**Excerpted records**

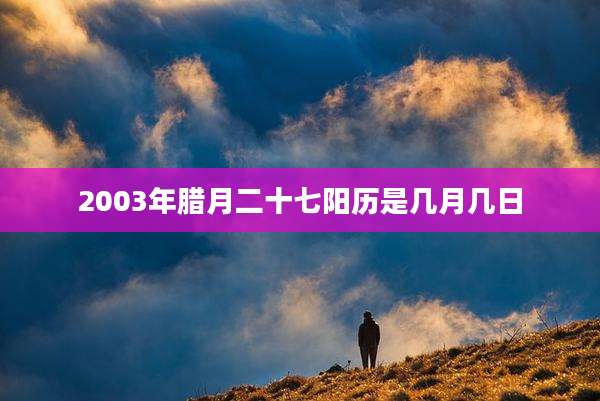 2003年腊月二十七阳历是几月几日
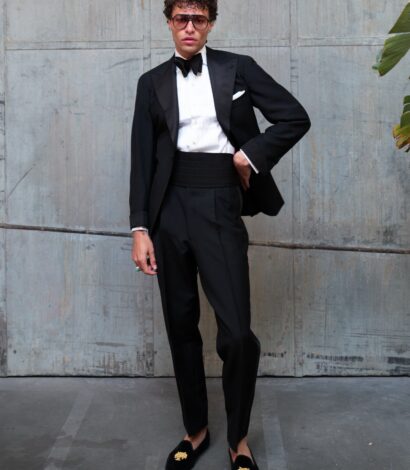 (product) Black Wool Mohair Tuxedo Jacket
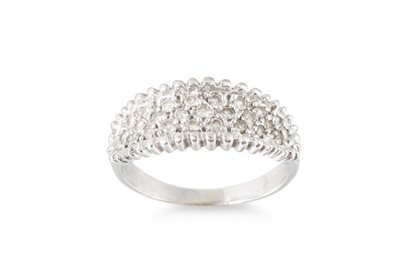 Lot 318 - A THREE ROWED DIAMOND RING, mounted in 14ct...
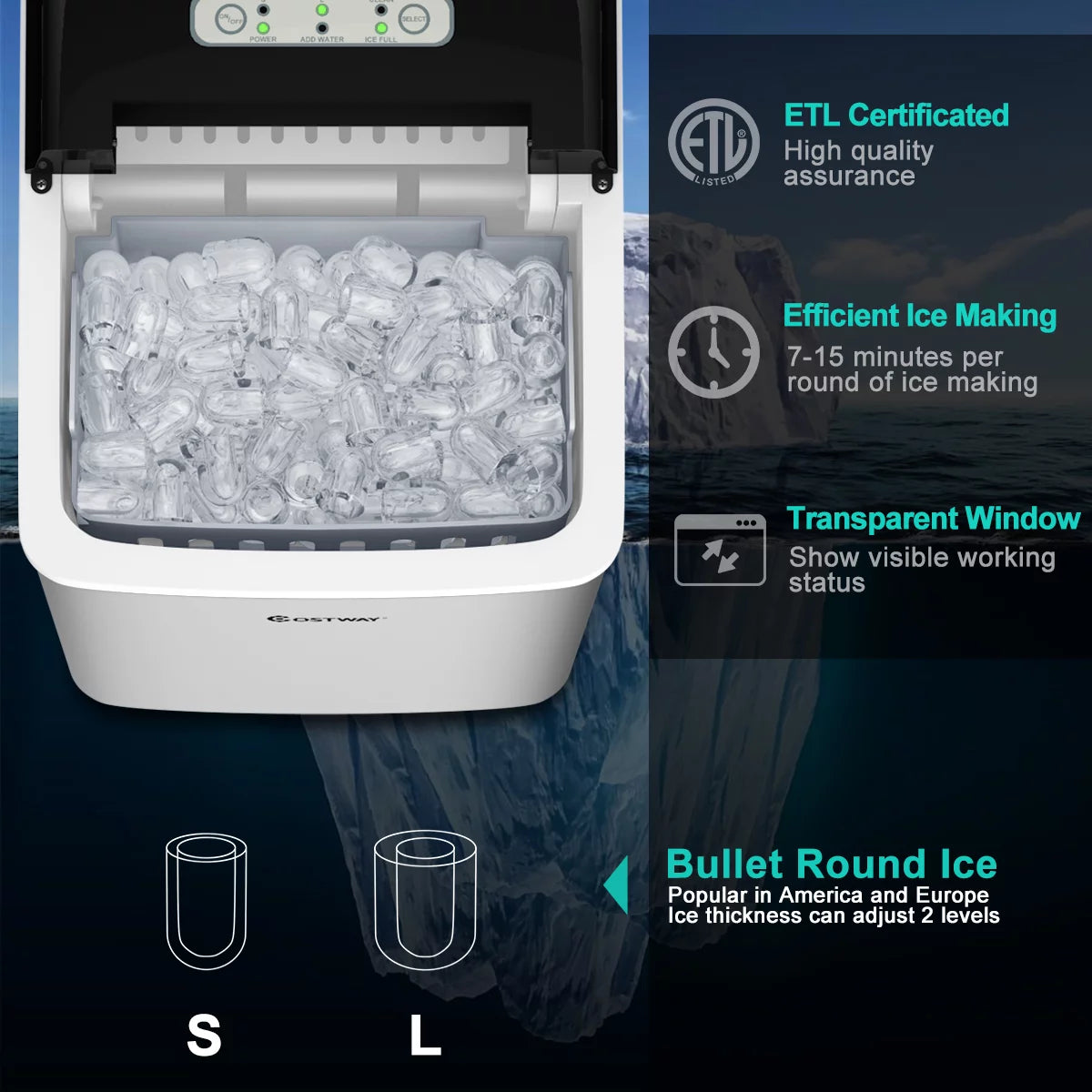 Stainless Steel Countertop Ice Maker with Scoop M472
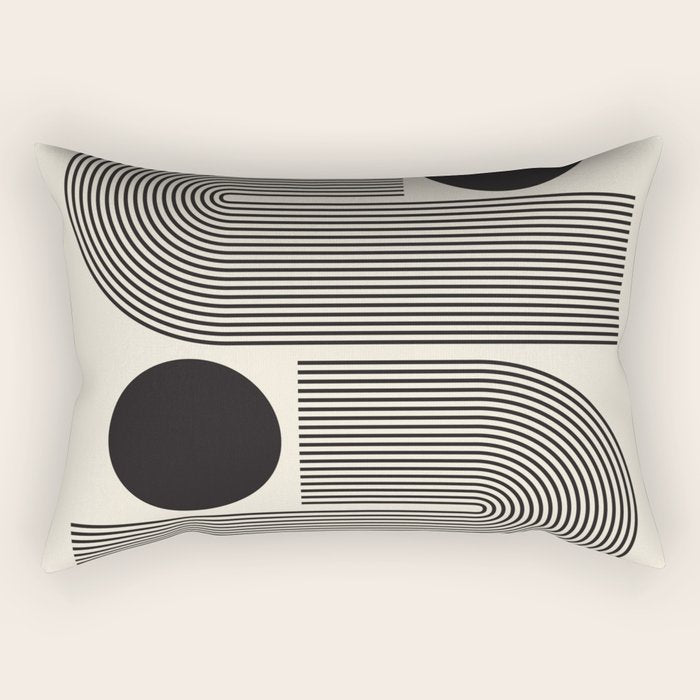 Abstraction_BLACK_LINE_DOT_POP_ART_Minimalism_004D Rectangular Pillow Gallery Image 2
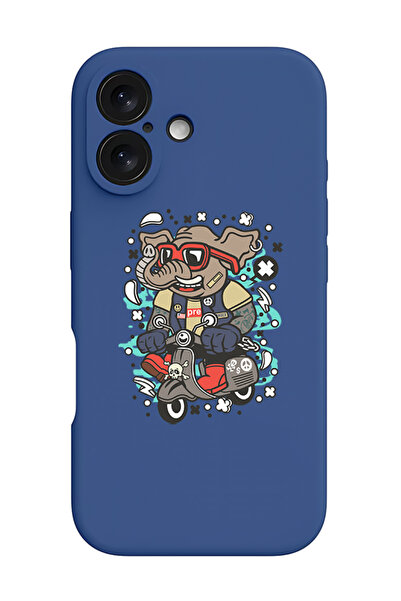 Theodor غطاء حماية سيليكون سائل مقاوم للصدمات لهاتف iPhone 16 Plus أزرق - فيل على دراجة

**Exercise directions**
Set down, word for word, the line that holds "Gallery Image 2" and all lines after it to the end of the entries above, but not the pictures.

**Reply to the task**
 Abstraction_BLACK_LINE_DOT_POP_ART_Minimalism_004D Rectangular Pillow Gallery Image 2
 Theodor غطاء حماية سيليكون سائل مقاوم للصدمات لهاتف iPhone 16 Plus أزرق - فيل على دراجة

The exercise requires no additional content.